All this was true of my mother, as well. But my mother was filled with passionate resentment about the condition of women, as perhaps my grandmother might have been had my grandfather lived and had she borne five children and had little opportunity to use her special gifts and training.
As it was, the two women I knew best were mothers and had professional training. So I had no reason to doubt that brains were suitable for a woman. And as I had my father’s kind of mind—which was also his mother’s—I learned that the mind is not sex-typed …
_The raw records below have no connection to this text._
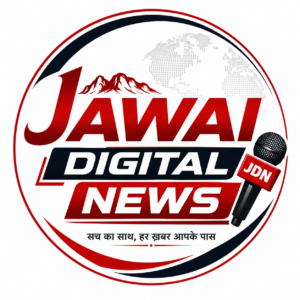 खबरों के लिए संपर्क करें, अरुण बैरवा सुमेरपुर
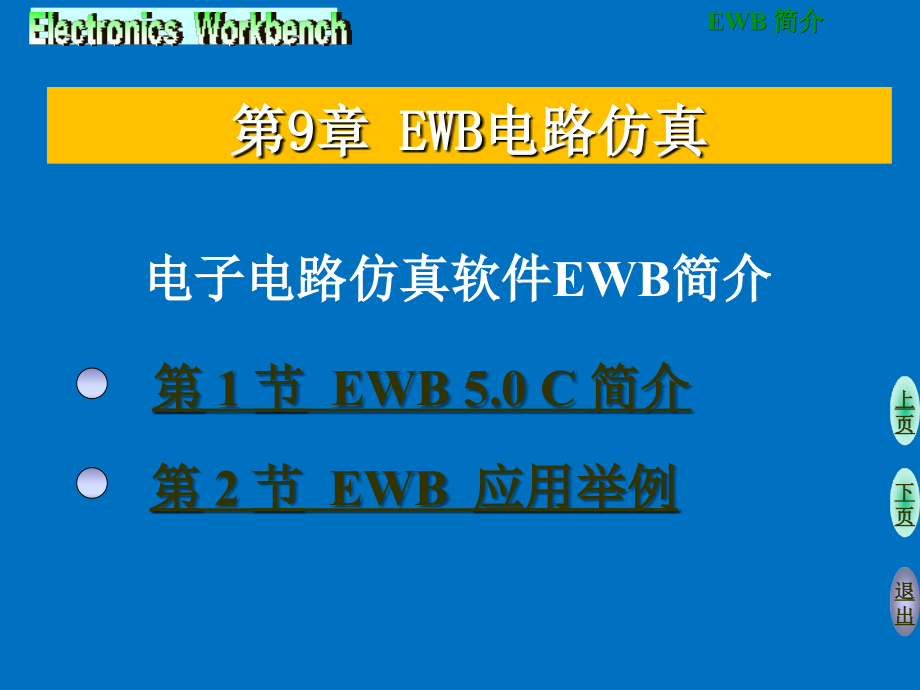 第9章 EWB电路仿真_第1页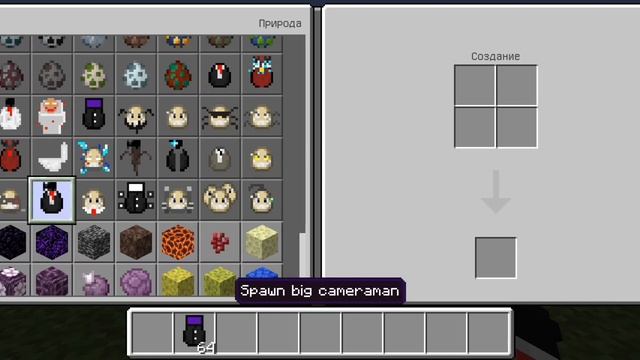 SKIBIDI TOILET ADDON MINECRAFT смотреть онлайн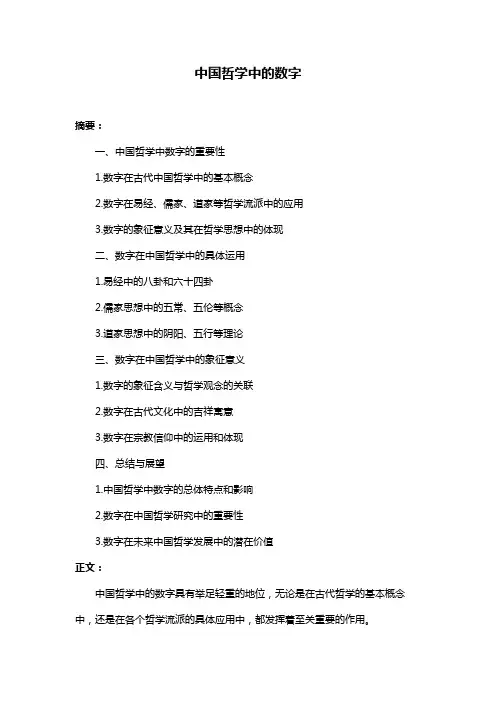 中国哲学中的数字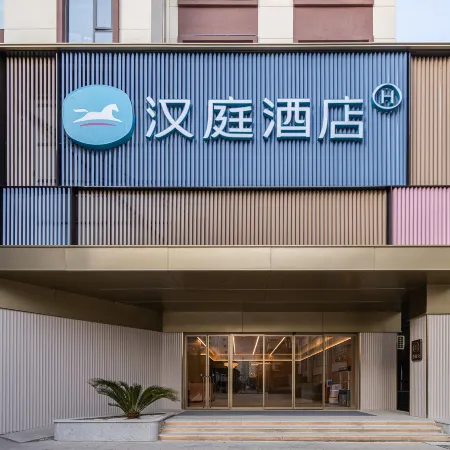 HanTing Hotel (Fuzhou Guangchang)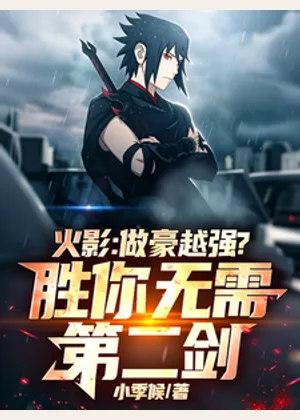 火影：越豪越强？胜你无需第二剑小说封面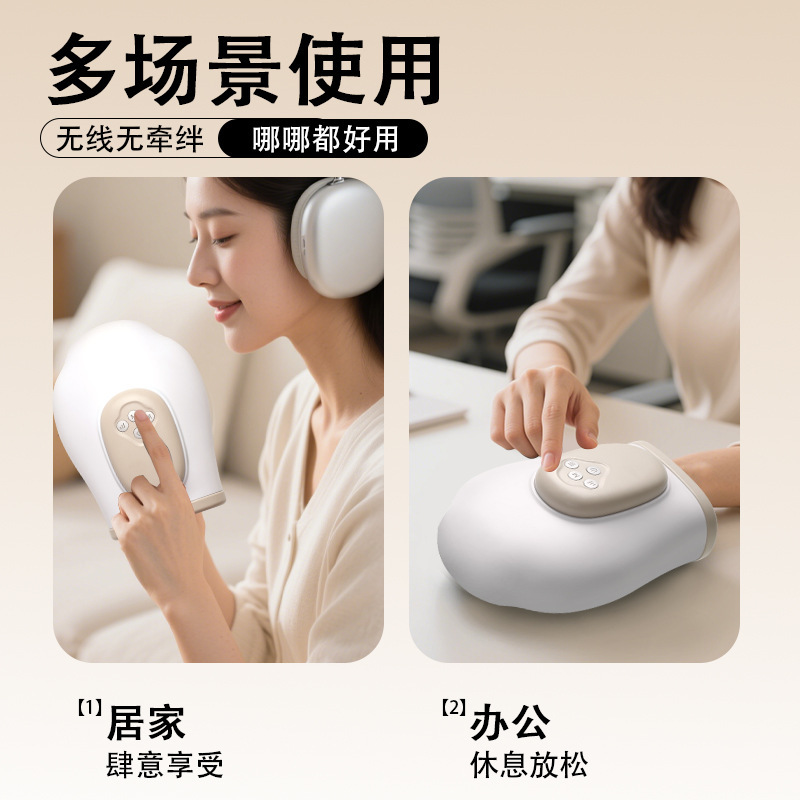 Nuevo dispositivo de masaje de mano caliente inteligente, masaje de palma de alta elasticidad, masaje de bolsas de aire, masaje de mano, masaje de muñeca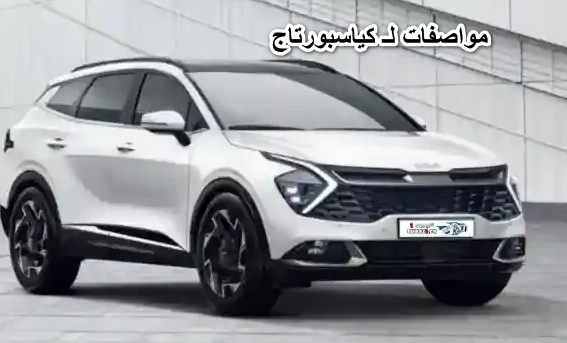 تعرف على سعر ومواصفات الشكل الجديد لـ كياسبورتاج 2022 في مصر.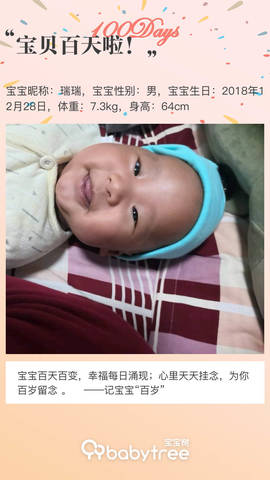 journal_insert_pic_1209278045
After I left home I used to write long letters to Grandma, and later, when I went to Samoa, it was for Grandma that I tried to make clear what I was doing. She was not entirely happy with my choice of a career; she thought that botany would have been better than savages. Even though she herself hardly ever went to church—she had decided that she had gone to church enough—she taught me to treat all people as the children of God. But she had no way to include in her conception of human beings the unknown peoples of distant South Sea islands …
Throughout my childhood she talked a great deal about teachers, about their problems and conflicts, and about those teachers who could never close the schoolhouse door behind them. The sense she gave me of what teachers are like, undistorted by my own particular experience with teachers, made me want to write my first book about adolescents in such a way that the teachers of adolescents would understand it. Grandma always wanted to understand things, and she was willing to listen or read until she did. There was only one subject, she decided rather fastidiously, that she did not wish to pursue. That was birth control. At 80, she said, she did not need to know about it.
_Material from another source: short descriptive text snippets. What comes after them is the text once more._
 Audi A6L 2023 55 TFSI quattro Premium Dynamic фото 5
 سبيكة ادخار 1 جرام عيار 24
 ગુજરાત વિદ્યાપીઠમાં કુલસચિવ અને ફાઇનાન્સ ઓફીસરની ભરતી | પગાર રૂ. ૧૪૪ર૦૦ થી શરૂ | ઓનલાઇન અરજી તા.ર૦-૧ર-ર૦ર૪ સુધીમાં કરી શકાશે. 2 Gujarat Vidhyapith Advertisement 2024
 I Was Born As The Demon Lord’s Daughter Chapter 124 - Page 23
When I returned from Samoa, Grandma had already left for Fairhope, Alabama, where she had taken my two younger sisters to an experimental school. So I never had a chance to follow up the letters I wrote her from Samoa with long talks through which she would have understood more about what I was doing, and I would have learned more about how to say things useful to teachers.
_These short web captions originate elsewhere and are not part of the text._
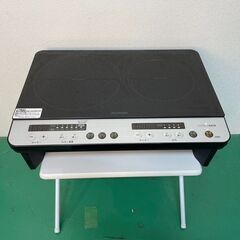 大阪☆「T269」2口IHコンロ 2021年製 アイリスオーヤマ IHK-W12SP-B 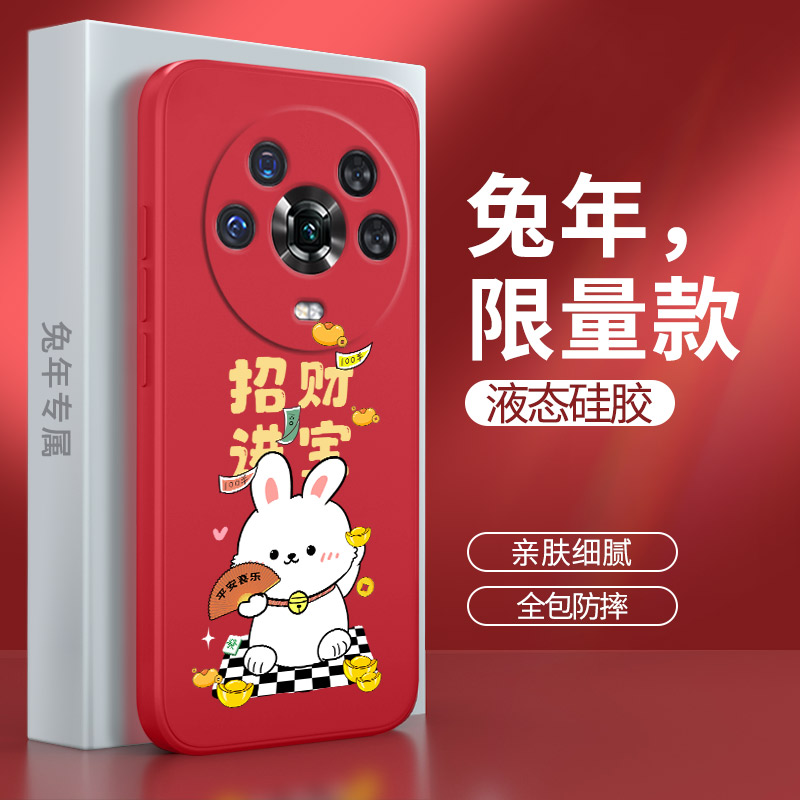 硅胶软壳 肌肤手感 全包防摔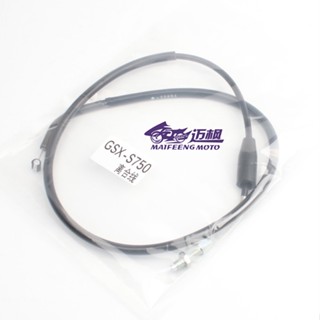 พร้อมส่ง สายคลัทช์ สําหรับ SUZUKI SUZUKI GSX-S750 15 16 17 18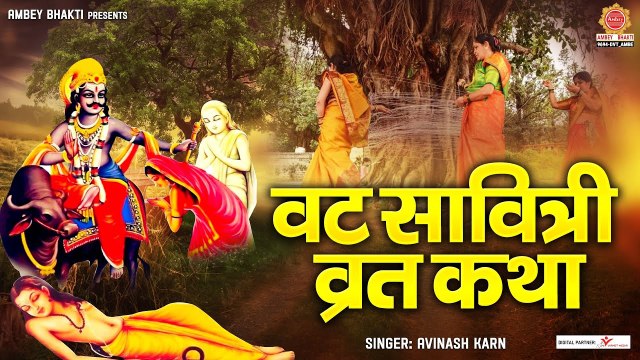 Vat Savitri Vrat 2023 - वट सावित्री व्रत कथा - Story of Vat Savitri - Vat Savitri puja 2023 ~ @ambeybhakti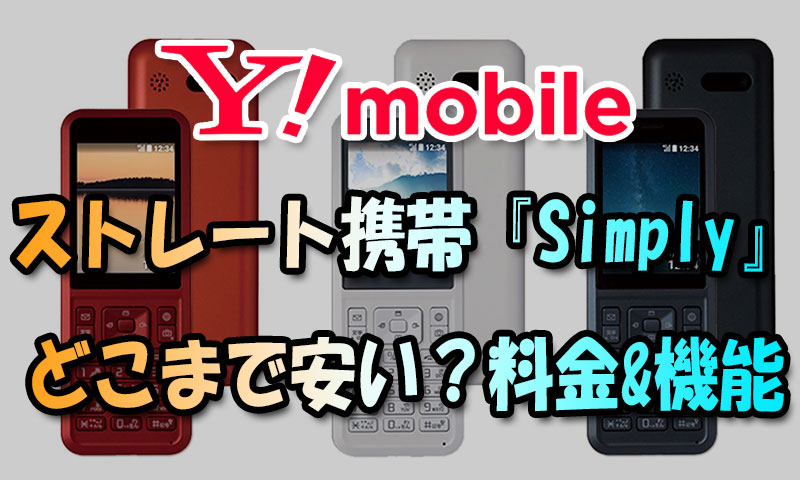 ワイモバイルのストレート携帯『Simply』どこまで安い？料金と機能LINEは使える？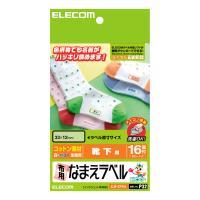 ≪ELECOM(エレコム)≫【4冊までネコポス対応可能】布用なまえラベル（靴下用）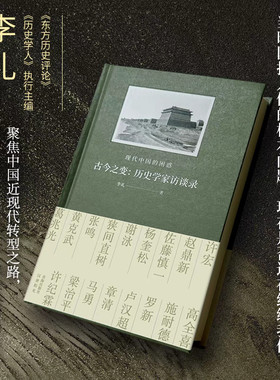 正版包邮 古今之变 现代中国的困惑 著名历史学家葛兆光、许纪霖诚意推荐！ 今天的中国比一百多年前进步了多少？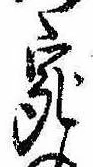 已定位宛
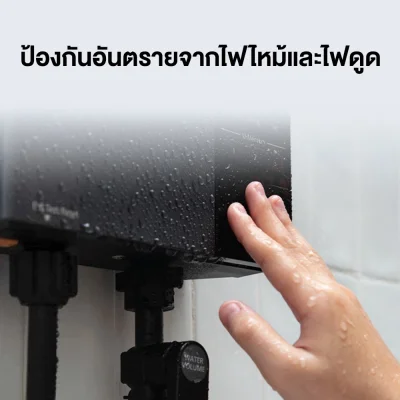 Panasonic เครื่องทำน้ำอุ่นขนาด 3,800 W. U Series รุ่น DH-3UD1TZ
In her later years she had devoted herself with almost single-minded passion to my sister Elizabeth, the one of us who was least like the rest. At the end of that year in Fairhope, Elizabeth graduated from high school. I have a vision of her standing in her white graduation dress in the garden where Grandma was sitting. I am sure Grandma felt that her hardest task—protecting and educating Elizabeth—was finished. She died on the way home, while she was visiting a favorite niece in Ohio.
The closest friends I have made all through life have been people who also grew up close to a loved and loving grandmother or grandfather.